Две идущие впереди монашки, к которым я обратился, оказались неожиданно разговорчивыми и добрыми. На мой наивный вопрос, смогу ли я попасть в город и посмотреть его, одна из них, высокая и светлая лицом, хихикнула задорно и ответила:

– Тысячи людей попадают в город, почему Вам не попасть, смотрите какой поток народу туда и обратно льется!

Действительно, мой первый вопрос был явно не совсем удачным. Но у меня был второй, для меня настолько важный, что я не мог задать его с ходу, боясь встретить равнодушие и отрицательный ответ.

Я все-таки собрался с духом:

– А Вы слышали что-либо об иконах, хранящихся в ЦАКе, написанных безруким художником Журавлевым?

Та, что пониже, сразу ответила, что нет, о таком не слыхала.

Высокая, которую, как потом я узнал, зовут Олей, тут же скороговоркой заспешила:

– Слышала и видела, я не знаю имени художника, но картину видела, видела. Она в кабинете висит одна всего.

– А как мне попасть туда?

– Да идите с нами к Царским чертогам, а там разберетесь сами.

Так я оказался в Свято-Троицкой Сергиевой Лавре.

Монашки на территории Лавры как-то спешно отделились от меня, сказав, чтобы я спросил любого семинариста Духовной Академии и мне помогут.

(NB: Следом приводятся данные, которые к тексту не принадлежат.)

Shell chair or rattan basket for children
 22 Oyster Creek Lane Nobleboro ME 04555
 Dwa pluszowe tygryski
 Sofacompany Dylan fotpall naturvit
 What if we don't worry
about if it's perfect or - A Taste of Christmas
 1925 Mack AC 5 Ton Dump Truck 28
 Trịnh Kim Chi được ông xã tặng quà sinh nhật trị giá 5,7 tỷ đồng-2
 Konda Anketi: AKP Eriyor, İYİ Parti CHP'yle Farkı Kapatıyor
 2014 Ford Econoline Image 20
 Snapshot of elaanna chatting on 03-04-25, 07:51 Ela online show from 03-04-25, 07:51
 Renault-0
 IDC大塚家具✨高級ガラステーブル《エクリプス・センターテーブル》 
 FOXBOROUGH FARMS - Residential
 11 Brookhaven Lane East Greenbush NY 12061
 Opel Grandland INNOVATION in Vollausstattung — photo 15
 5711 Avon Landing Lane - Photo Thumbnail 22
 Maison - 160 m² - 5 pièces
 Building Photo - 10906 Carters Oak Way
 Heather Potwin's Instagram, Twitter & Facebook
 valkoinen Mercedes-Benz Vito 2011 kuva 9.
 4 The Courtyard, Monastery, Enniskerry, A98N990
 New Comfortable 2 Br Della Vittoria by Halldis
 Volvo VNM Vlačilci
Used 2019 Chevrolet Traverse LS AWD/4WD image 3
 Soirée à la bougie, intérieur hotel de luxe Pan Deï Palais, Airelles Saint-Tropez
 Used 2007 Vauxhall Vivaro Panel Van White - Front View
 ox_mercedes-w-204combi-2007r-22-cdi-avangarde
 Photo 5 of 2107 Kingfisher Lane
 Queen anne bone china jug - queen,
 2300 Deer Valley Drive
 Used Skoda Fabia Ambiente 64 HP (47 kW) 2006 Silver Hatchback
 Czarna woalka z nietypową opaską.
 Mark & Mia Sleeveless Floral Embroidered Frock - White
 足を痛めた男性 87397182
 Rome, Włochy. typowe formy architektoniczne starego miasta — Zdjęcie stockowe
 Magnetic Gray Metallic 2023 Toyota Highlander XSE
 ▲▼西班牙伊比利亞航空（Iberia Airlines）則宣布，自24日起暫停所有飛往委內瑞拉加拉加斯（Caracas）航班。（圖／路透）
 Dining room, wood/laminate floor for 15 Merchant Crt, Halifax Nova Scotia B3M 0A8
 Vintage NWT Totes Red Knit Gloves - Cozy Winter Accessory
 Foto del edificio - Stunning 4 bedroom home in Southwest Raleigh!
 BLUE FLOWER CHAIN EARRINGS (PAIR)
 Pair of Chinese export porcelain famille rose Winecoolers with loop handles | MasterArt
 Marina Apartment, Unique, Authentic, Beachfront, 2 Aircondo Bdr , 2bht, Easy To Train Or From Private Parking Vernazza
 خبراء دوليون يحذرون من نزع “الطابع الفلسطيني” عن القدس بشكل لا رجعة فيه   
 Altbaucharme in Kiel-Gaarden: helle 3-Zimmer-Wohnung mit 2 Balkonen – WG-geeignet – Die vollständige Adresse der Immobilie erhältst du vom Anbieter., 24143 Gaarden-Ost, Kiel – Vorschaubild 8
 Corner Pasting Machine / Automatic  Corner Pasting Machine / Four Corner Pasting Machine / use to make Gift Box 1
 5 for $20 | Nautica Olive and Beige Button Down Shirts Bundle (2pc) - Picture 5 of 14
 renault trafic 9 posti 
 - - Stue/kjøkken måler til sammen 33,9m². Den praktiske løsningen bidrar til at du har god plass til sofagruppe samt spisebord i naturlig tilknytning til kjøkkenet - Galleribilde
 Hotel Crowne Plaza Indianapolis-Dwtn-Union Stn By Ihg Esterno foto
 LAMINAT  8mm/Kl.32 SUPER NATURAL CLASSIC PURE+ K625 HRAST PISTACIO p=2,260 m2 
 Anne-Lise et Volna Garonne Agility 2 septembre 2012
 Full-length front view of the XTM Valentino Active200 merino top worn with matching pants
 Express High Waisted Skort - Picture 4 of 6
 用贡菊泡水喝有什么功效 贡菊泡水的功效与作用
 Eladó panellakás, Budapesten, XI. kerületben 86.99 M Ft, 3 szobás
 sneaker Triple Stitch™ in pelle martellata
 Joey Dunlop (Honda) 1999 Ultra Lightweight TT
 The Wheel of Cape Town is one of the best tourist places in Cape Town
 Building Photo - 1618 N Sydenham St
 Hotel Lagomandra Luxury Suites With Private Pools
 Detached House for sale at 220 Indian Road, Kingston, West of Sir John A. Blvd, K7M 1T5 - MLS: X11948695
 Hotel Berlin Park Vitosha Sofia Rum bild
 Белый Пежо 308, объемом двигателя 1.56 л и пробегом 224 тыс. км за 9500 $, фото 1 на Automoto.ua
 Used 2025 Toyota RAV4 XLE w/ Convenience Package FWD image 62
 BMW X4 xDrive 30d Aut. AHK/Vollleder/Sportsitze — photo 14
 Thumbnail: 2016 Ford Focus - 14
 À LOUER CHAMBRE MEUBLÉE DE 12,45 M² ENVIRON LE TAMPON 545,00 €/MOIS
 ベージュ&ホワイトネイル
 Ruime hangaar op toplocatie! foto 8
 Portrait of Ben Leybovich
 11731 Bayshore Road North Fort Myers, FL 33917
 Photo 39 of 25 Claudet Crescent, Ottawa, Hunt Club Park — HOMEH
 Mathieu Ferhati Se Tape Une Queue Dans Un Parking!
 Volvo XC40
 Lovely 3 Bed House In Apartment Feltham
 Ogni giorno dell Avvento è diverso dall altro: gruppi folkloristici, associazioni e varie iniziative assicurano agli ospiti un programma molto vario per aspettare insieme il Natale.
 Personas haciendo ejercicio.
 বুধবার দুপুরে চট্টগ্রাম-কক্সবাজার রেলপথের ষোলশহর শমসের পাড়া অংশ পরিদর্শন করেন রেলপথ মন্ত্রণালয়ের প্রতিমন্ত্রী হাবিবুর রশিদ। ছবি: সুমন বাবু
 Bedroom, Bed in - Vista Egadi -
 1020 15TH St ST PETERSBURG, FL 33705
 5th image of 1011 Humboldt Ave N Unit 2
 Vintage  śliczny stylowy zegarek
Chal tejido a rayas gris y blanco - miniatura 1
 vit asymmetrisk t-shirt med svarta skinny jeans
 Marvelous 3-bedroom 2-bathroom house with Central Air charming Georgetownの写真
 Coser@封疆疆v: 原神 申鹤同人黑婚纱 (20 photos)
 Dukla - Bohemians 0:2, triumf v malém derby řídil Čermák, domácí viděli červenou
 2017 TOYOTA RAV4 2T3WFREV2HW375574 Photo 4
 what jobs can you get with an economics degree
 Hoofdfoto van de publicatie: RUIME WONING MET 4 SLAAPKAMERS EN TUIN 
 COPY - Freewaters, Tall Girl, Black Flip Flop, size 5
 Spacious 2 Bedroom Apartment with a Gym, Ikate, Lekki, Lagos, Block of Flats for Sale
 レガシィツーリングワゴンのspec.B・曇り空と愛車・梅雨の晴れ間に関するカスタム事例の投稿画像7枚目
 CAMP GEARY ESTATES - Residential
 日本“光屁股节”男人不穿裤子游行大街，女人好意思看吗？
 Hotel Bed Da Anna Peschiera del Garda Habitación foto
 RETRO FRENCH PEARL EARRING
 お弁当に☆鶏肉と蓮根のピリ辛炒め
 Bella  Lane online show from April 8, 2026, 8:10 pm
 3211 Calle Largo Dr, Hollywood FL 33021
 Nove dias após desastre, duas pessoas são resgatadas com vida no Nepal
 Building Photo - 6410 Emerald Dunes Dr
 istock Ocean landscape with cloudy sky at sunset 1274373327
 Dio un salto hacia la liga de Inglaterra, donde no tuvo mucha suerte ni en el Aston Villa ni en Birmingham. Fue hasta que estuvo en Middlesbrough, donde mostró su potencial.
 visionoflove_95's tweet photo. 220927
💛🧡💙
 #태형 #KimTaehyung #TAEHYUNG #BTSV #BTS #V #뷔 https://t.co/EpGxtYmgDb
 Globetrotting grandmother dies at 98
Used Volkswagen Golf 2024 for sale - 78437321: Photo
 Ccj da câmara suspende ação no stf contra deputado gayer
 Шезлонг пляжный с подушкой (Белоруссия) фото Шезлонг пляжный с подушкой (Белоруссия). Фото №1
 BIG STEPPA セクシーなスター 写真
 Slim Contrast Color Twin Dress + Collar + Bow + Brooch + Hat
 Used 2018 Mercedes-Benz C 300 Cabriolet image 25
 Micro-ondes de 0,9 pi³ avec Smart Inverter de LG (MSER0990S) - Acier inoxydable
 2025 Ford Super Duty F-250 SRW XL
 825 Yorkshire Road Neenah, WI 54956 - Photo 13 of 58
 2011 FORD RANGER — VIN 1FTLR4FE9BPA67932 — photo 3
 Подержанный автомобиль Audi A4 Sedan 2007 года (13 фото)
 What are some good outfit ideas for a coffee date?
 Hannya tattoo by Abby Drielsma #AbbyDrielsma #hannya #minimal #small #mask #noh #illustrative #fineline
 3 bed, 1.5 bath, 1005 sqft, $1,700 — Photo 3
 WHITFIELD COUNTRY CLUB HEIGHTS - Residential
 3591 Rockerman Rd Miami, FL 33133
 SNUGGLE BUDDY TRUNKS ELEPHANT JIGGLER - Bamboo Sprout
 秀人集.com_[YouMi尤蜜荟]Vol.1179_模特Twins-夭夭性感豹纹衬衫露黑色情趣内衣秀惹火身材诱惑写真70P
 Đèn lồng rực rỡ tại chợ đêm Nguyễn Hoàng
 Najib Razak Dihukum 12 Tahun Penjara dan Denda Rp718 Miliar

Я так и поступил. Стоящие у входа в Академию молодые люди тут же ответили, что без протоиерея Николая Резухина я не смогу ничего увидеть, сегодня ЦАК не работает, а у протоиерея какая-то серьезная делегация вне плана и его не поймать.

Мои планы рушились, ибо мне надо было вечером быть в Москве, – в кармане лежал билет на поезд до Самары. Очевидно, как-то угадав мое отчаянное состояние, один из студентов приблизился ко мне и вполголоса проговорил, озорно сверкнув глазами.

– Мы его изловим, я знаю, где он – идите за мной.

Так мы и поступили.

Протоиерей Николай Резухин – помощник ректора Московской Духовной Академии и семинарии по представительской работе, заведующий ЦАК, депутат местного городского совета – оказался очень занятым человеком. Невысокого роста, в обычной светской одежде, с рыжеватой бородкой, быстрый в движениях, он был похож на доцента с институтской кафедры.

Не останавливаясь, на ходу выслушав мои сбивчивые извинения и просьбы, он, глядя на меня цепкими и колючими глазами, назидательно сказал, что времени у него нет для того, чтобы сегодня поговорить со мной. Казалось, все рушится.

И тут мне внезапно пришел на ум еще один довод, который я тут же и использовал:

– Вы понимаете, Журавлев мой земляк, мы с ним из одного села, я неделю назад был в его доме – ходил по его комнате. Понимаете мои чувства?

Мой собеседник все понял.

– Ну, если так, посидите вон там где-нибудь в скверике, часа через два-три я, может быть, Вас найду.

И ушел.

Что мне оставалось делать?

Боясь потерять возможность встречи с протоиереем, я решил неотлучно два-три часа просидеть на скамейке под липами у Троицкого собора.

…Я сидел в тени старинных цветущих лип и пытался разобраться в своих чувствах.

Кругом была изумрудная свежая зелень, аромат сирени в воздухе, группы туристов, слушатели Академии. Звучала русская и нерусская речь. Звонили колокола.

И мне на какой-то миг показалось, что моя мечта – найти и посмотреть икону Журавлева – несбыточна, что грандиозность соборов, монументальность всего и официоз отделили художника и его иконы от меня и моих сельчан, что здесь не до него и не до меня. Настолько микроскопичен человек перед этой беспредельной вечностью, осевшей на куполах соборов.